It’s been a steep learning curve. The speed and reactivity of online conversations normalize outrage and contempt. When controversy quakes through a community, it sets off a tsunami of inflammatory responses. Aftershocks of discussion follow: Has someone been unfairly canceled? Slandered? Did people respond according to Matthew 18? Responses to the responses compound the arguing.
Critics contend that public content needs to be publicly engaged, especially if it is blasphemous, heterodox, or harmful. Others dismiss concerns as “accusation against our brothers and sisters” (Rev. 2:10), naming all pushback to be slanderous. Like Paul’s listeners in the Areopagus, some people ridicule while others want to engage “again on this subject” (Acts 17:32).
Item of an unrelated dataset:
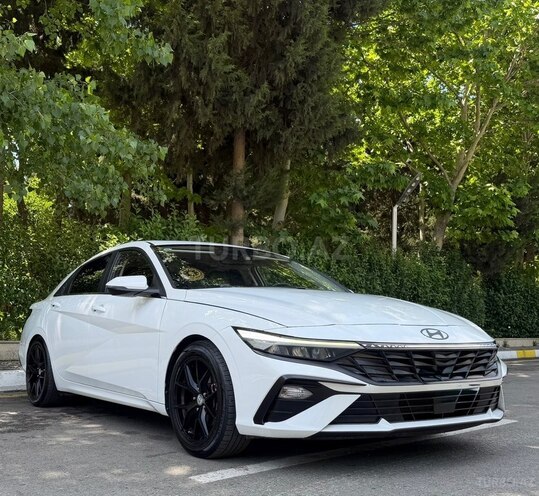 Hyundai Elantra-6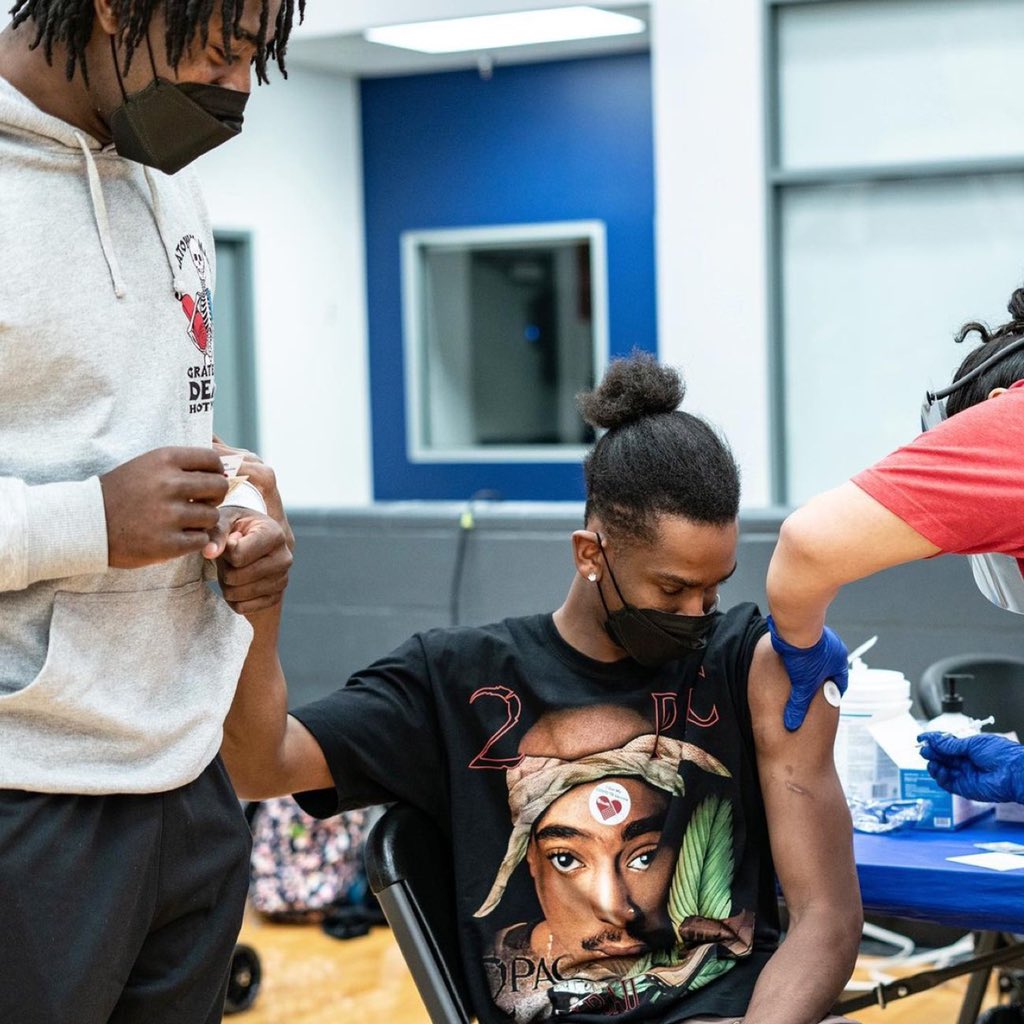 Farbod_E's tweet image. Shai Gilgeous-Alexander is scared of needles, so Lu Dort held his hand while Shai got the vaccine. This is too wholesome.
But how far is “too far”? When does exhortation cross the line into accusation? Church history reveals that believers have felt justified killing each other over doctrinal disputes, even as the church continued to schism. In the apostolic era, confusion and fighting resulted from incorrect or incomplete teaching, which is why most of the epistles were written specifically as correctives. Christians have always needed to contend for the faith once delivered, but we must do this without biting and devouring one another, lest we destroy each other (Gal. 5:15). Let’s take a closer look at how the early church navigated this tension.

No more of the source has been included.